Do you have much experience riving over dunes they wanted to know. Absolutely none. It’s very difficult they explained. Marvellous. Another case of forgetting to ask the right questions. After conferring with my copilot we decided we would have to go back and take the long way round. They pointed ruefully at the by now setting sun and explained that this had been the last ferry. Oh. No way forward and no way back. For a moment we were completely stumped. The ferry man, his son, my friend and I looked at each other as the short tropical dusk took its course. What if I pay you to drive the car? I asked the son.
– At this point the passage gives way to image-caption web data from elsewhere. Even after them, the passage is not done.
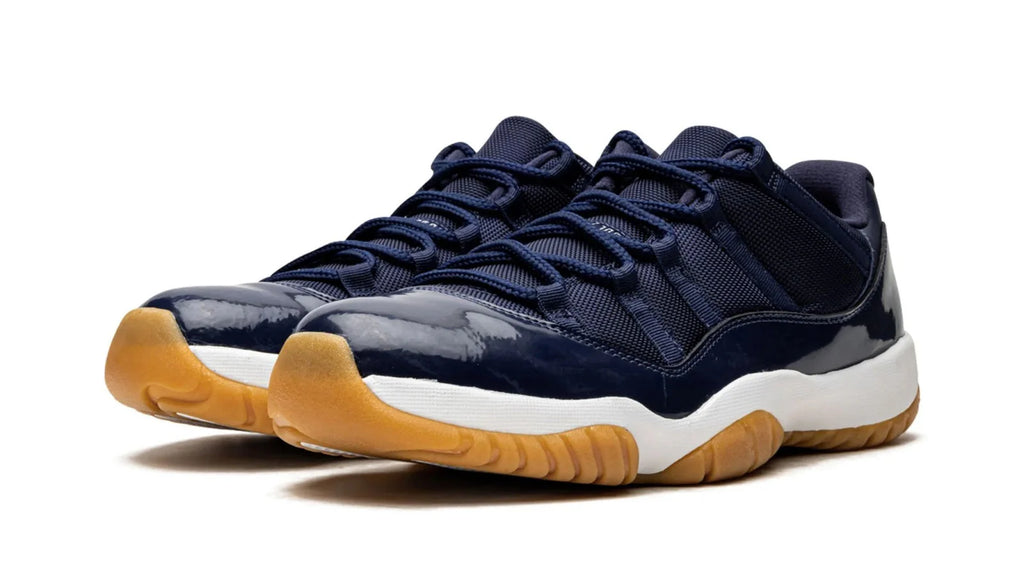 Air Jordan 11 Retro Low Navy Gum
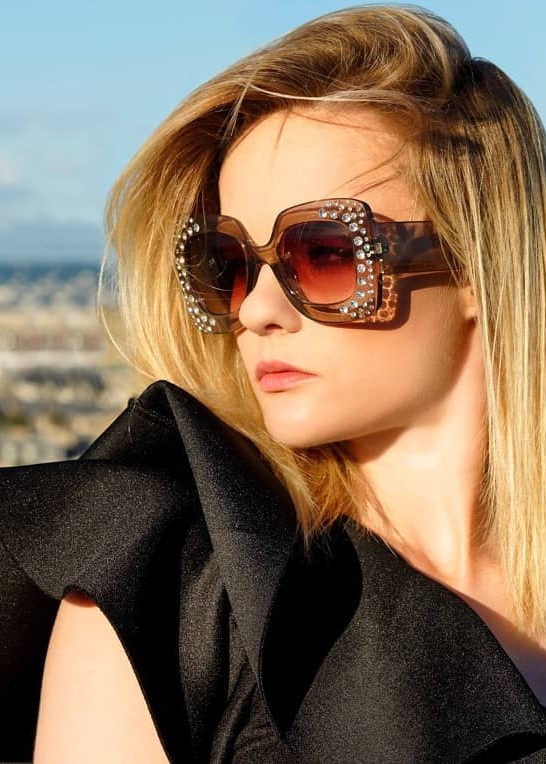 Manon — Model & Hostess in Paris photo 13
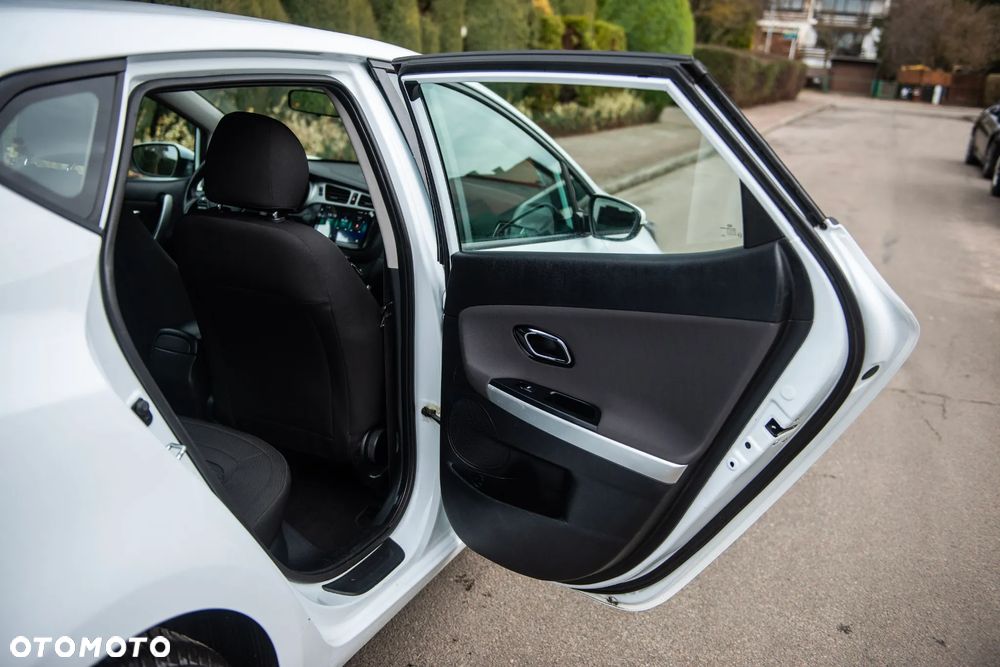 Kia Ceed 1.4 CVVT Vision - 34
This time it was the other two who conferred. This didn’t seem to be part of their usual service repertoire but in the end we reached a settlement and the father agreed to keep the son’s dinner warm while he took us then got the bus back home.
The next 20 minutes were frankly terrifying. We had let half the air out of the types but still the drive was tricky. There is clearly an art of speed, angle and traction in lurching up and down what might seemed like a never ending roller coaster ride. I tried to film it but couldn’t hold my home for long enough. I concentrated on believing and visualizing a safe outcome. And of course we made it, there are probably people who do that drive three times a day and think nothing of it but the combination of darkness and unknown conditions tested my usually sanguine approach to travel.
Whenever it seems like there is no way back and no way forward, there is probably a way under or through or round. It might not be easy or comfortable but it has the supreme advantage of being possible. And it might just be the most exhilarating thing you do that day. Enjoy the times you are forced to step out of our comfort zone – you may as well since they are happening already.